The local workers were pissed 'cause they said it was a conference about sex work, but the whole first day was about HIV/AIDS. The girls (and a few boys) believed they were being blamed for the epidemic. "We already know about AIDS; what we need is the police to stop harassing us!" they said. What the local workers wanted was prostitution to be decriminalized 'cause the police rape, rob, and beat up pros. It's pissing them off. "Our rapists are the government police," one told us. Another uncanny detail: the voices of each worker I spoke with sounded familiar, kind of like the women I've worked with in the US and the UK (same stories, different accents).
a) One gal was a single parent, working the streets for 13 years. No formal education, but has learned some Chinese and Portuguese so she can negotiate with her clients. "It's cold standing out on the corner all night!" She said nobody can tell her what to do with her body, and if a customer doesn't want to use a condom, she tells him to fuck off.
b) A "high-grade" escort spoke of working for an agency. She’s in college. Her boss tells her,’ if you don't like how I do things, then go work somewhere else.’
c) A lady worked in a mining community. "We work in the bushes, behind the big rocks. We tell the men they need to use condoms, but some of them are stubborn. I tell them, ‘No condom, No sex.’" (this was translated from Zulu.)
d) A student, who is getting her degree in Public Relations, has been working as an escort for one year. "Someone at this conference asked me what was I complaining about, he didn't make XXX$ a job!"
e) One lady worked out of a hotel.

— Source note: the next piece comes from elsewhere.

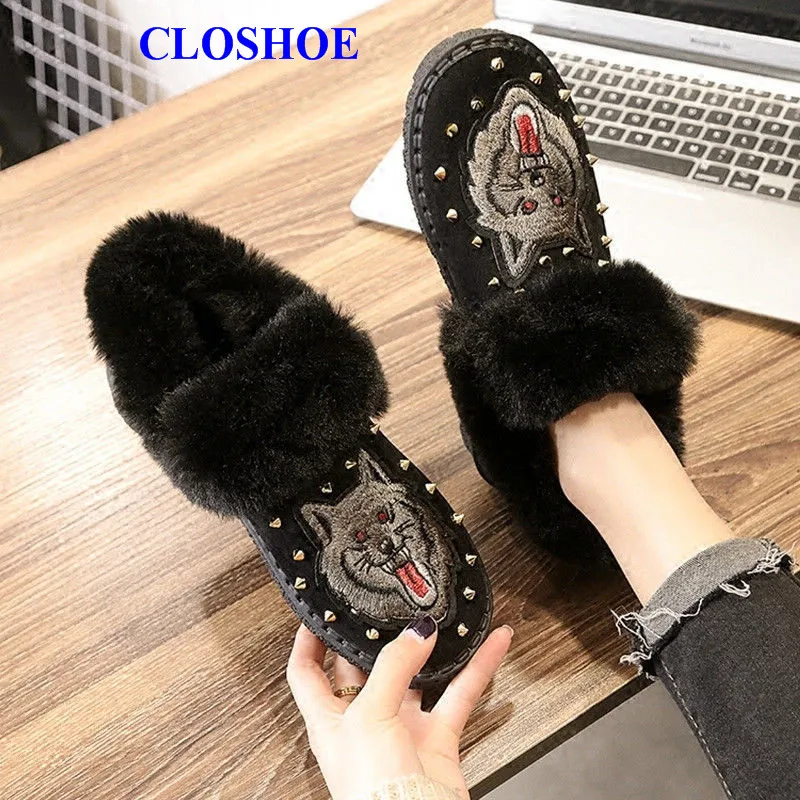 Youbroer Cotton-padded Schoolgirl Goes All Out Snow Boots Female Winter New Fund Flat Bottom Beans Beans Shoe
Youbroer Cotton-padded Schoolgirl Goes All Out Snow Boots Female Winter New Fund Flat Bottom Beans Beans Shoe
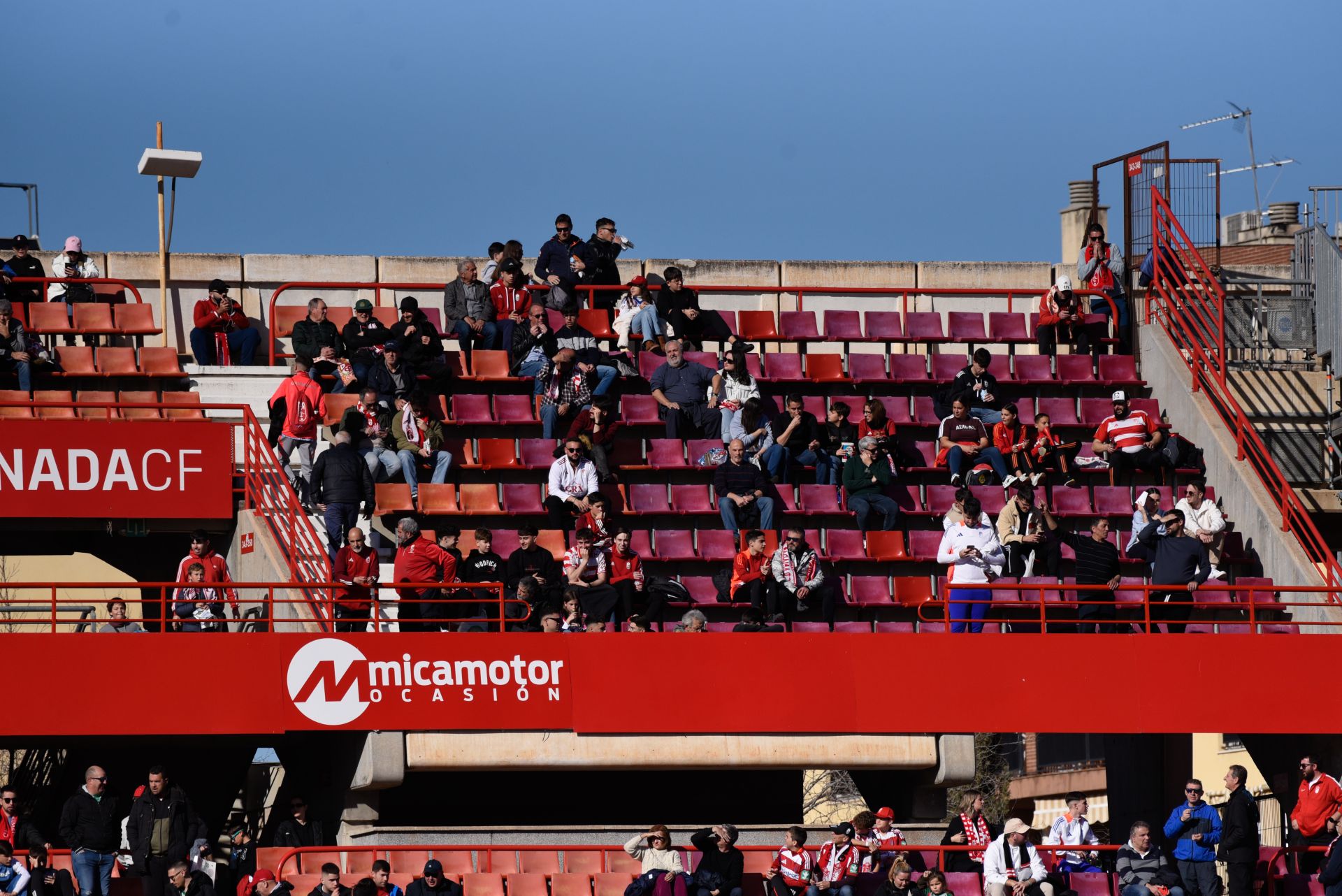 Encuéntrate en Los Cármenes en el Granada-Zaragoza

The hotel owner isn't a manager or her pimp, but he know's what is going on. Prices for her services are too low, and security is weak. Her friend got killed by a customer in one of the rooms not too long ago.
f) Another sex worker was mad because there are others that are having sex without condoms, making it harder for her to insist on latex with customers. She believes this instigates violence from the men. She also said the nearby neighborhood, including the children, make fun of her and harass her when she walks by.

And the list goes on. Any of this sound familiar? Common themes: police harassment, stigma, and the local workers want help in organizing. Also, the women are concerned for
their children and dependents.

I think what the U.S. sex workers did was help the locals organize. The locals have a lot to say, but how do you run an efficient meeting where everybody can list their needs, and, in several languages no less? We made a record of what each person wanted, then Carol Leigh set up her lap top computer in the bar. We all partied and passed the bottle while typing up the local's rant. By 9:00 A.M. the next day, the PR escort made an announcement to the room: "We have something to say." She read off the document now referred to as "Sex Workers Speak Out;” that totally changed the tone of the Conference.
Here’s a few of things that the locals said:
"We came thinking we would talk about making improvements, but we are
only talking about HIV/AIDS.”
"We need men to take responsibility. People always point to the sex workers to take responsibility."
"NGOs use sex workers to get funding; we need to be recognized as experts in our field, and to be compensated for our labor and assistance."
"We need safety."
"Stop the harassment."
"Police rape and rob us."
"The HIV epidemic was hidden from us, and now it is killing people. We were told it was a gay disease. We should stop hiding the truth because keeping things hidden kills people."

Now that's what I call ownership.


The people attending the conference meant well; I left the
conference thinking this decrim-thing will be a reality in South Africa within the next three years. Policy making with the Health Department is in effect. The idea of incorporating human rights, community health and law reform was most apparent. Conference Chair Professor Helen Rees tells me, "Things are happening really fast." I’ll say. But it never seems fast enough.